** TASK DETAILS **
Start with the line that holds "Information Management Systems". Please copy it and each remaining line below exactly, leaving pictures out.
==== EXERCISE DATA ====
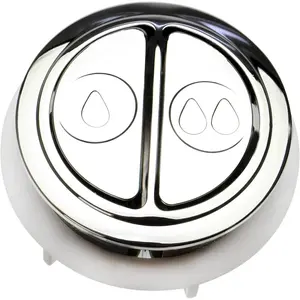 Dual Flush Valve Replacement Button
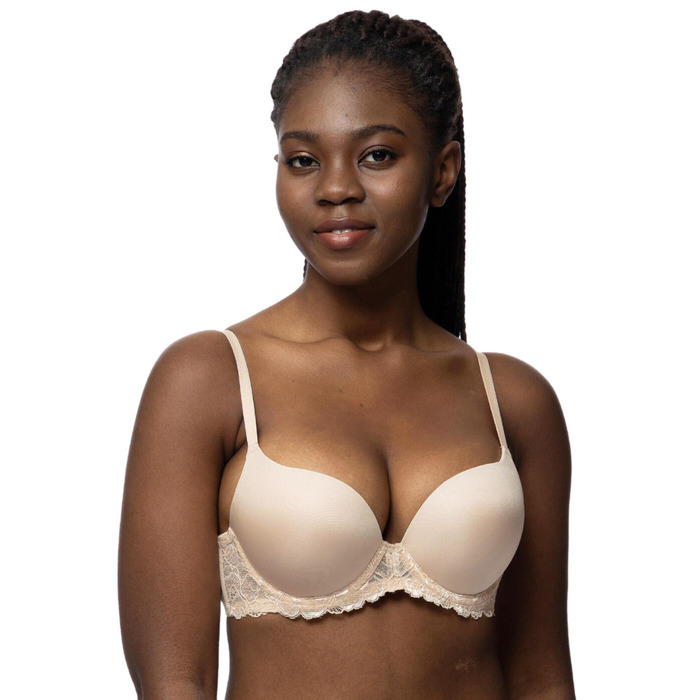 Dorina Clarie Padded Demi Cup Bra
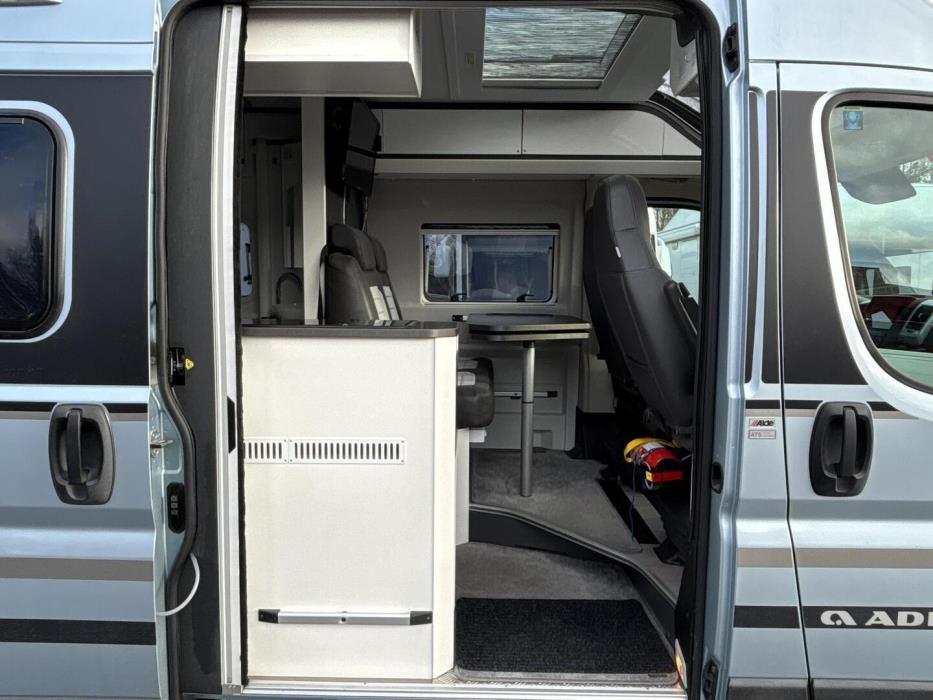 ADRIA TWIN 640 SLB 2021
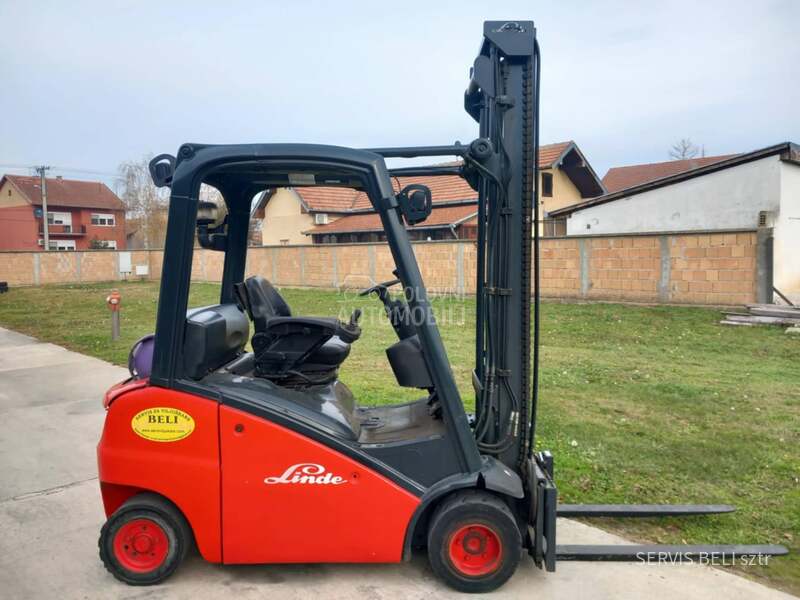 Linde H20T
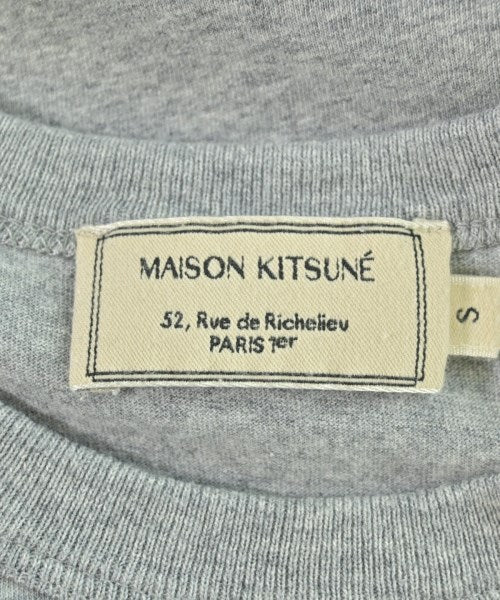 MAISON KITSUNE เสื้อยืด/เสื้อท็อปส์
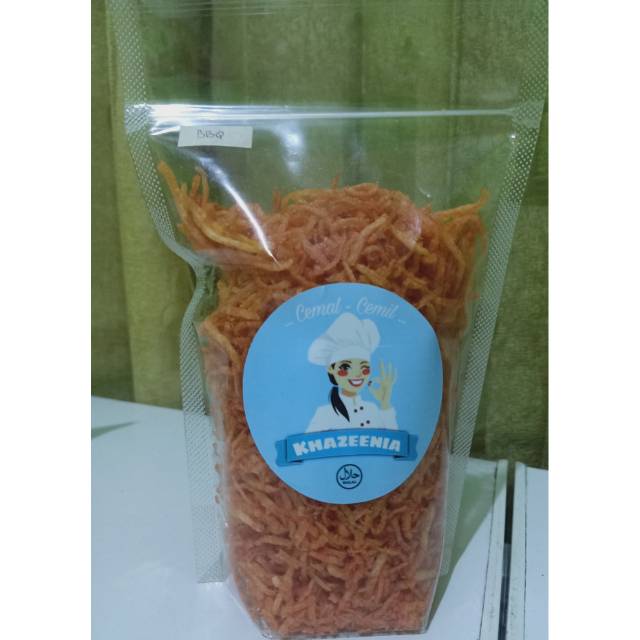 Kentang mustofa kentang kering 150 gram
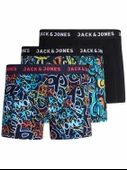 Jack Jones Pete 3 Lü Paket Erkek Baxer 12135973 thumbnail 2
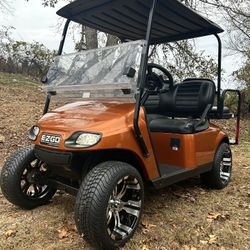 2021 GAS(efi) Ezgo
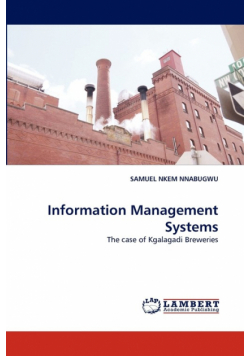 Information Management Systems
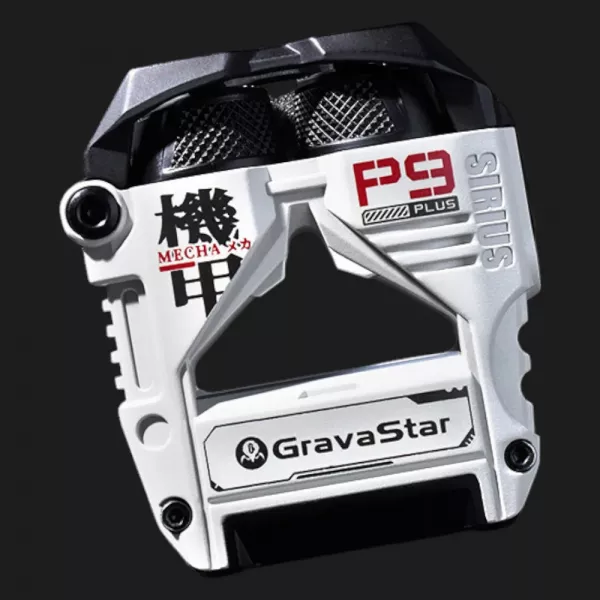 Навушники TWS Gravastar Sirius Plus (White)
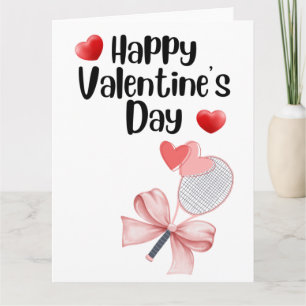TENNIS Valentijnsdag voor speler met liefde     Kaart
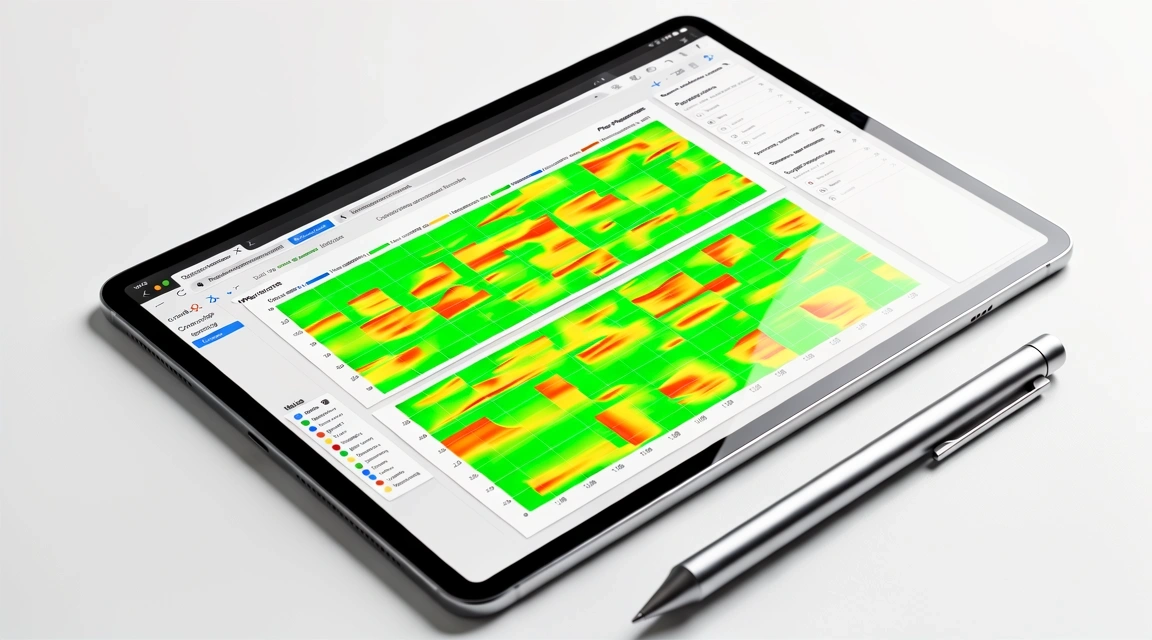 MetricNoryx data analysis desk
====
** REPLY TO THE EXERCISE **
 Information Management Systems
 Навушники TWS Gravastar Sirius Plus (White)
TENNIS Valentijnsdag voor speler met liefde     Kaart
 MetricNoryx data analysis desk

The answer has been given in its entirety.